[THE DATA Boundary: Start]

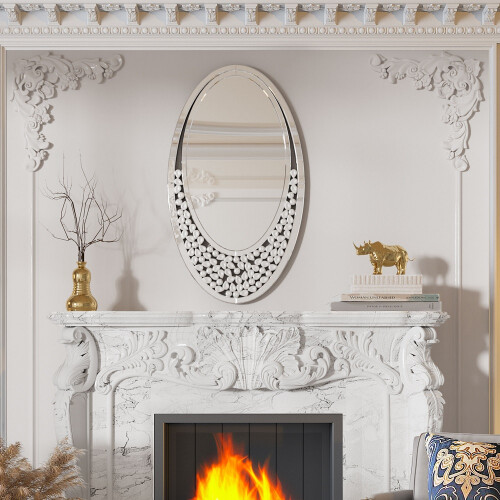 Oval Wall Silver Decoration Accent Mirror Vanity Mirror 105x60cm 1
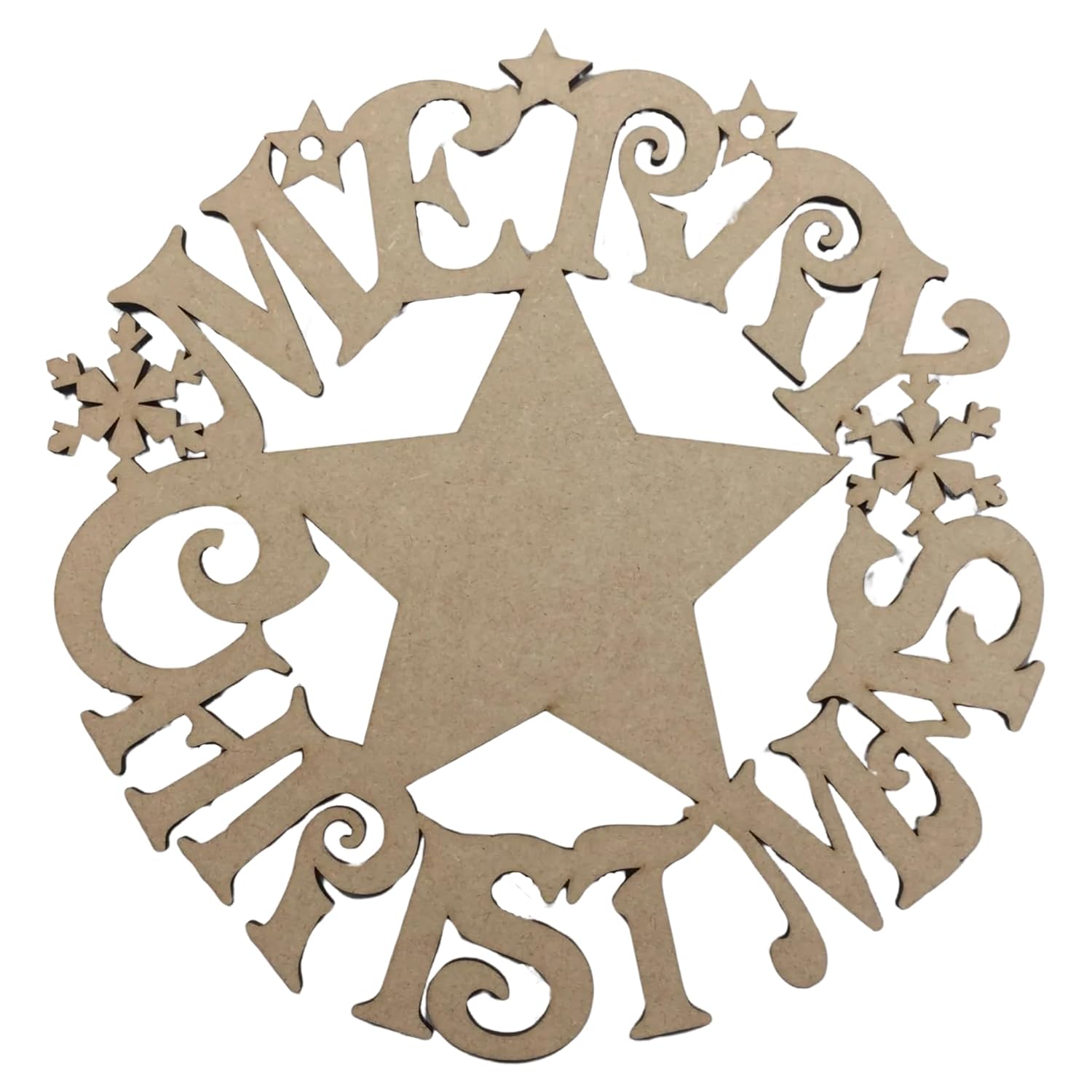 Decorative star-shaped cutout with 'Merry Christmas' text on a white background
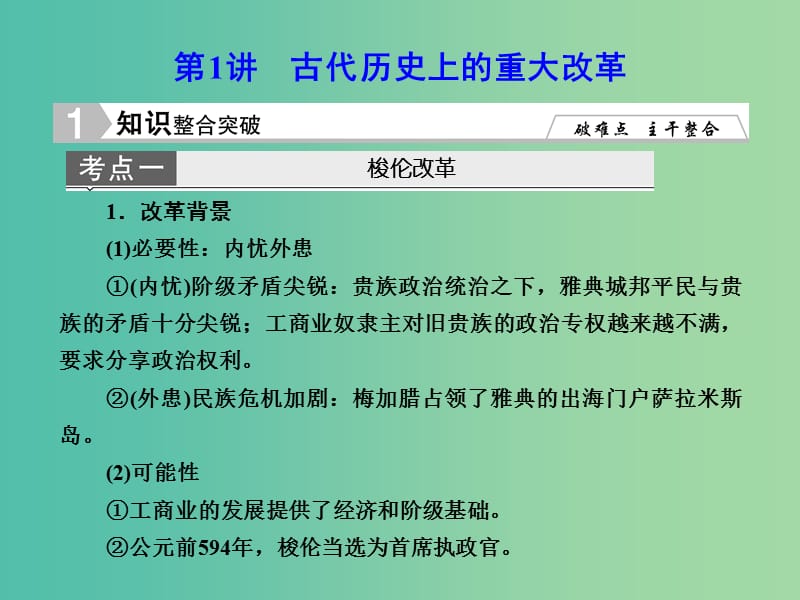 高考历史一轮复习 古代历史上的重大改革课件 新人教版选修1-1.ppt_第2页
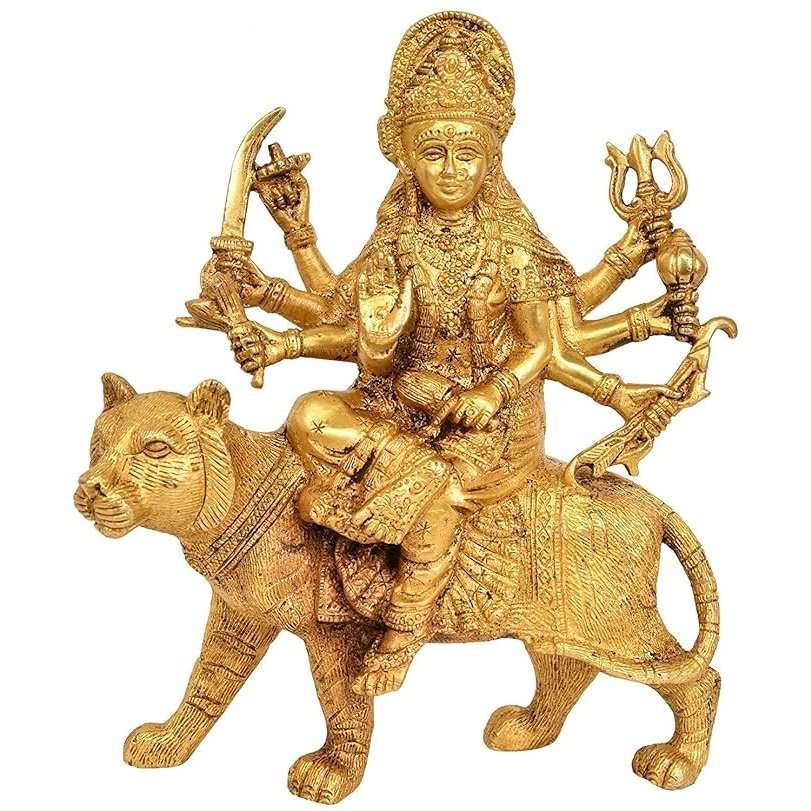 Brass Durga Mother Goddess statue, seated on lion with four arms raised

[THE DATA Boundary: End]
[THE DATA Boundary: Start]

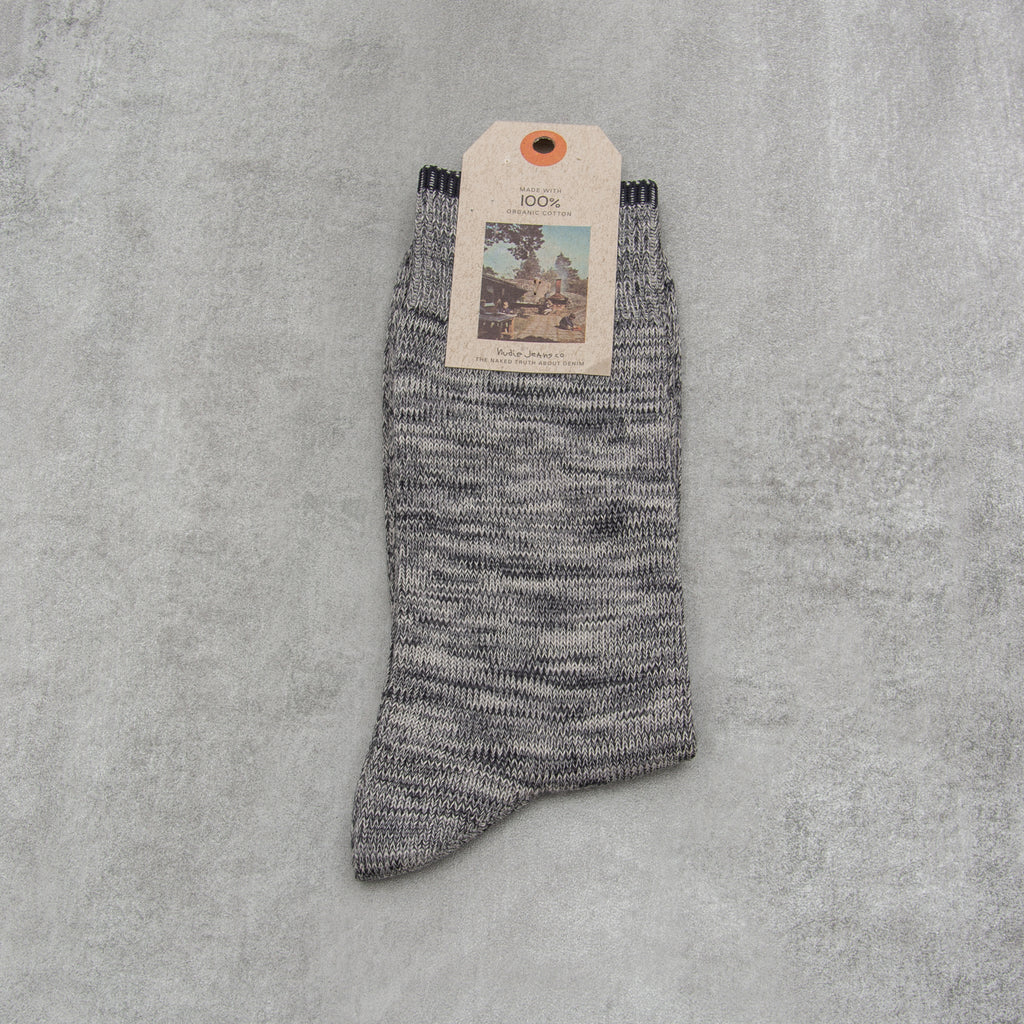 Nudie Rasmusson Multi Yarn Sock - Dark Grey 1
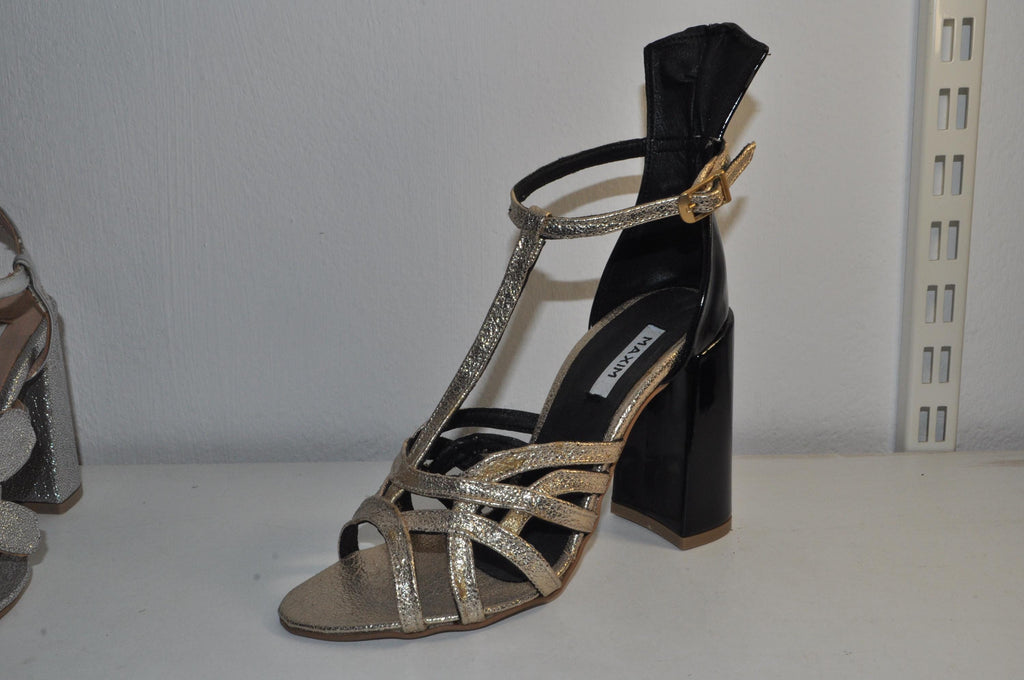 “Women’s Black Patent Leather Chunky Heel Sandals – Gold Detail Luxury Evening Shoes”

[THE DATA Boundary: End]
[THE DATA Boundary: Start]

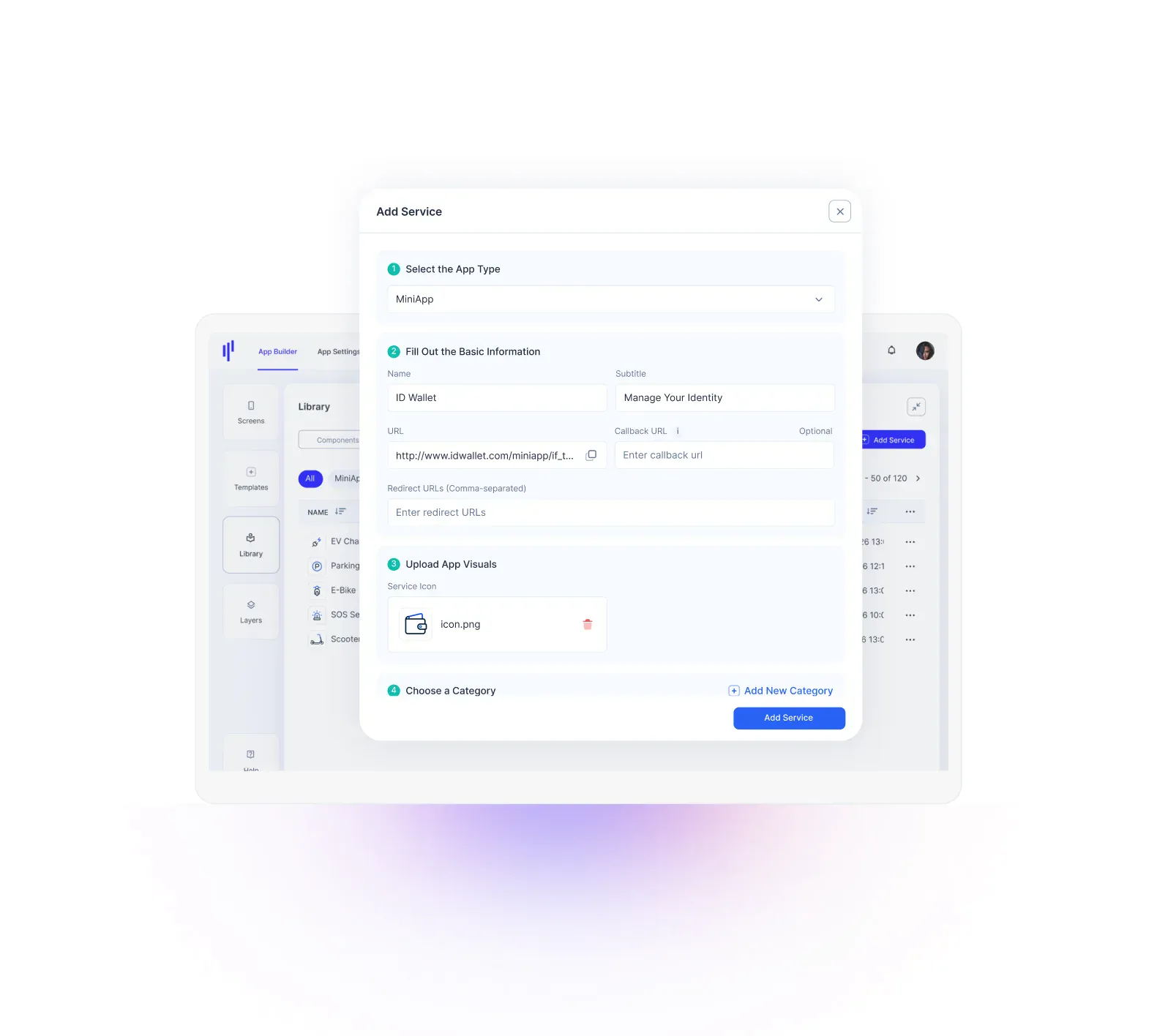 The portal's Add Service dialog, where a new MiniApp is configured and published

[THE DATA Boundary: End]

## PROBLEM
From the records above, copy only the lines running from the line holding "高考历史一轮复习 古代历史上的重大改革课件 新人教版选修1-1.ppt_第2页" through the line holding "Brass Durga Mother", with no pictures.

## RESPONSE TO THIS EXERCISE
 高考历史一轮复习 古代历史上的重大改革课件 新人教版选修1-1.ppt_第2页
 Brass Durga Mother Goddess statue, seated on lion with four arms raised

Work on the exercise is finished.